My recipe is adapted from Nee. I've changed the proportion of flours (and added cornstarch) to get a custard that is neither too chewy nor too soft (traditionally, the custard layer is soft).
Beautiful natural blue dye from the blue pea flower.
The blue color was so pretty I had to control myself from coloring all the rice blue.
Regular pandan leaves (left), new variety of very strongly scented miniature pandan leaves (middle) and leaves for coloring (right).
Okay, I think I had a bit too much chorophyll in the custard layer. The green color will deepen after the kuih cools, remember that.
United colors of Chartered Bank.
Bottom Rice Layer
500 gm glutinous rice, washed & soaked 1 hour
500 ml thin coconut milk*
1 1/2 t salt
2 pandan leaves, roughed up by rubbing it with your hands (to release the flavor)
optional: 12 or more blue pea/bunga telang flowers
Note: *this amount is for steaming the rice. If using electric rice cooker to cook the rice, use enough thin 'second' coconut milk (because the rice will burn if the coconut milk is too rich) to cook the rice to el dente but not soft stage. If steaming, use a richer coconut milk by mixing 250 ml thick coconut milk and 250 ml water. This is a tip I took from Nasi Lemak's recipe. I used about 900 gm grated coconut (from 1 1/2 coconuts) and added about 2 cups of water to make the thick milk, then added more water to the squeezed coconut to make the thin or 'second' coconut milk.

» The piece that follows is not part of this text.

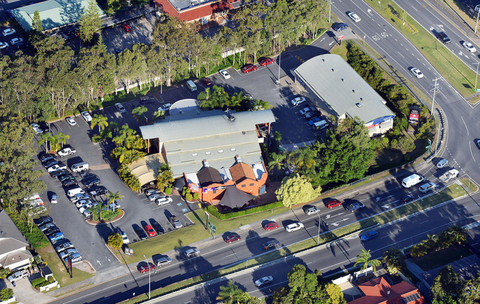 Ashmore Tavern - Accommodation Coffs Harbour 0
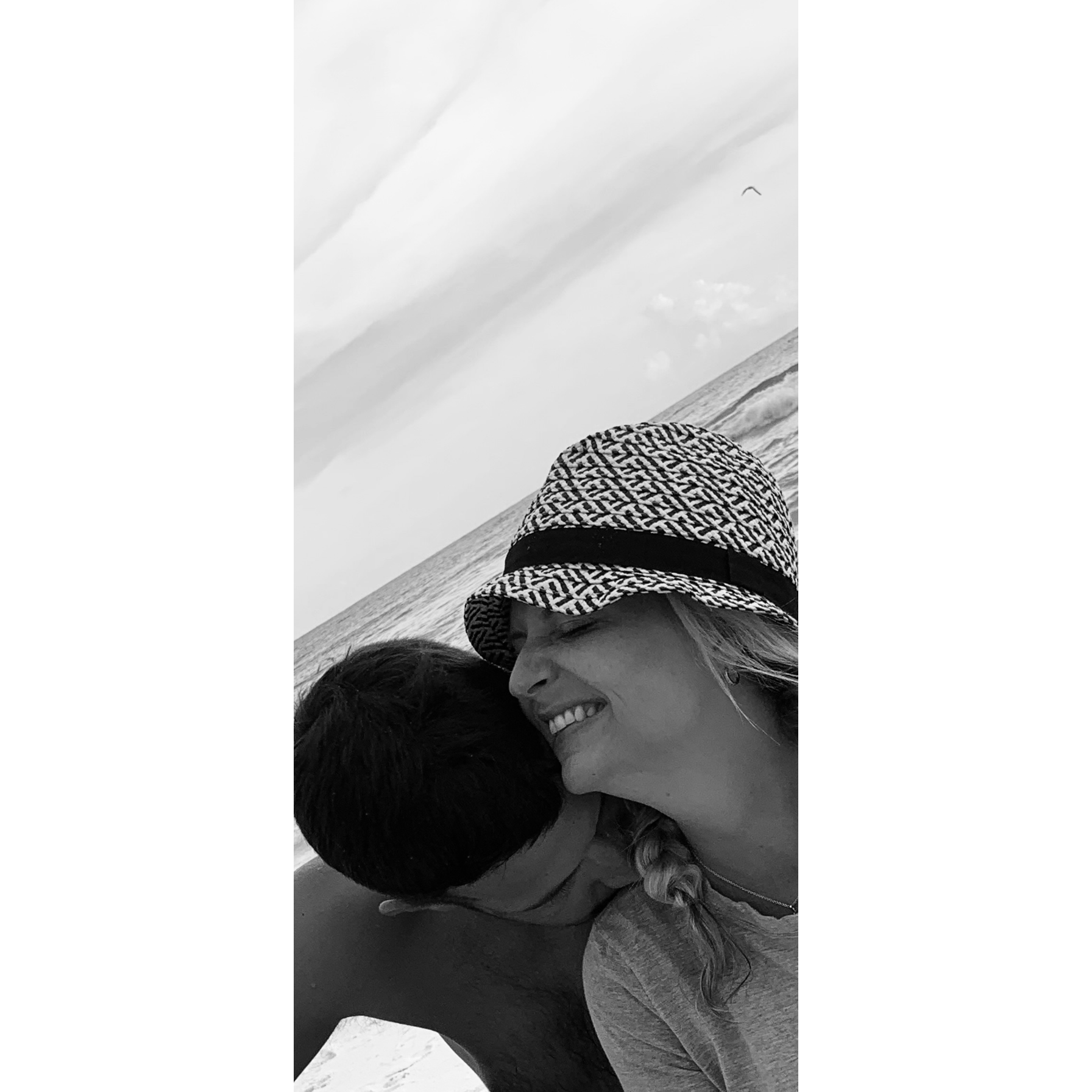 Beachin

1. Drain the rice and put it into an electric rice cooker with the bruised pandan leaves, salt and enough coconut milk to cover the rice to a level about 2 cm above the water. Cook until done. If steaming, use 500 ml semi-thick coconut milk for a richer flavor. I prefer to steam. You can fluff the rice halfway through steaming/cooking.
2. Make the blue dye by adding 3 tablespoons of boiling hot water to the flowers. Wait a minute, then crush the flowers with your hands and massage the color into the water.

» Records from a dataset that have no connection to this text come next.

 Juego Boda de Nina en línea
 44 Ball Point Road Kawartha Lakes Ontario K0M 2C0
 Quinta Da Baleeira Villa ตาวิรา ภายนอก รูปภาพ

3. Fluff the cooked rice, pick out and throw away the pandan leaves and spoon rice into a lightly oiled 9"/23 cm square baking tin for higher slices of kuih or 11"/28cm square tin for kuih of about 1.5"/4 cm height.
4. Spoon the blue dye over the rice in random spots. Use a spoon or potato masher (the hand held one with holes) and press on the rice firmly, to compact and level it. Place the tin in a steamer, covered, and start the water boiling gently while you make the custard.
Top Custard Layer
800 ml thick coconut (400 ml thick + 400 ml thin coconut milk)

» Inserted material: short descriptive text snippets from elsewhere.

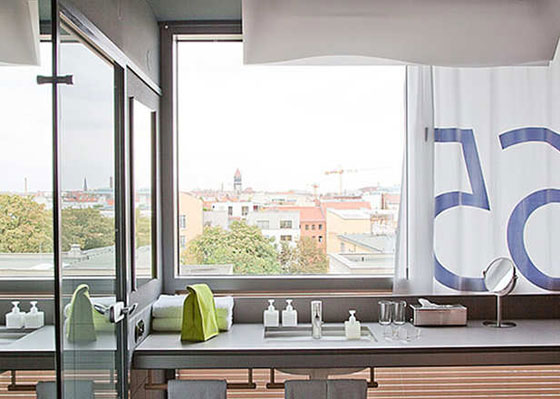 بالصورة والكلمة.. تعرف على افضل فنادق العاصمة الالمانية برلين صورة رقم 6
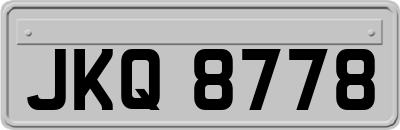 JKQ8778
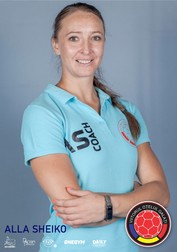 Alla Șeiko.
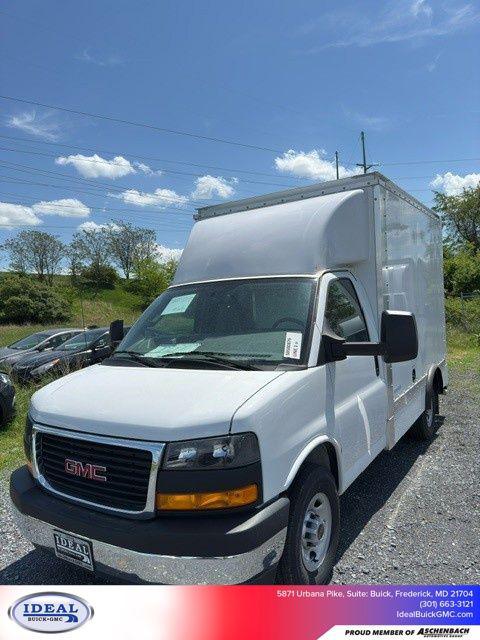 2025 GMC Savana Cutaway Work Van for sale in Frederick, MD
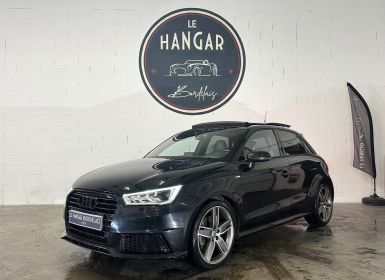 Audi A1 Sportback 1.8 192ch TFSI S-Tronic 7 S-Line Occasion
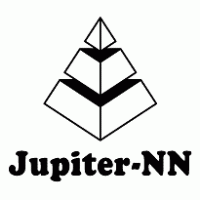 Jupiter-NN logo vector logo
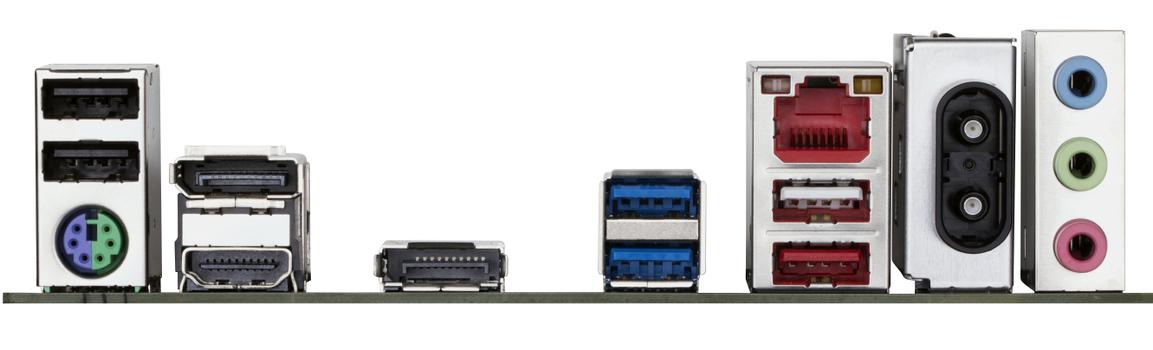 GIGABYTE MB GBT Intel 1851 B860M DS3H WIFI6E 2 (B860M DS3H WIFI6E)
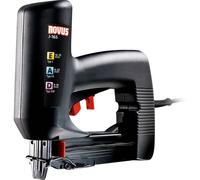 Novus Tools 105112200 J-165 EAD Graffettatrice elettrica Tipo graffette tipo 5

200 to 220 gm (I used 220) castor sugar
3 large eggs, beaten well
80 gm tapioca flour
50 gm plain flour
1 heaped T cornflour
6 to 7 pieces good pandan leaves + 6 pieces pandan color leaves*
Note: * Pickyin's tip on making pandan leaves. Cut the leaves into short sections (say 2"/5 cm long), blend or pound them until fine and add 3 to 5 tablespoons of water. Massage with your hands to release the color and strain through a fine seive. Let sit until the liquid separates into a top layer of dark green and a bottom layer of lighter green. Use the top layer only if you want a very thick and green custard, or add some of the second layer of pandan liquid.
5. Put the flours, sugar and coconut milk into a bowl, stirring until the sugar is mostly dissolved.
6. Add the eggs, stir well and strain through a sieve into a small pot.
7. Stir over very low heat until mixture just thickens and turns shiny. Don't cook until custard is too thick or the texture won't be smooth.
8. Pour mixture over the rice, level by shaking the baking tin and steam 25 minutes over low heat. Cool completely (a couple of hours) before cutting into small rectangular or diamond or triangular pieces with an oiled knife or wet knife. Kuih is best served at room temperature and is best eaten same day or within 24 hours.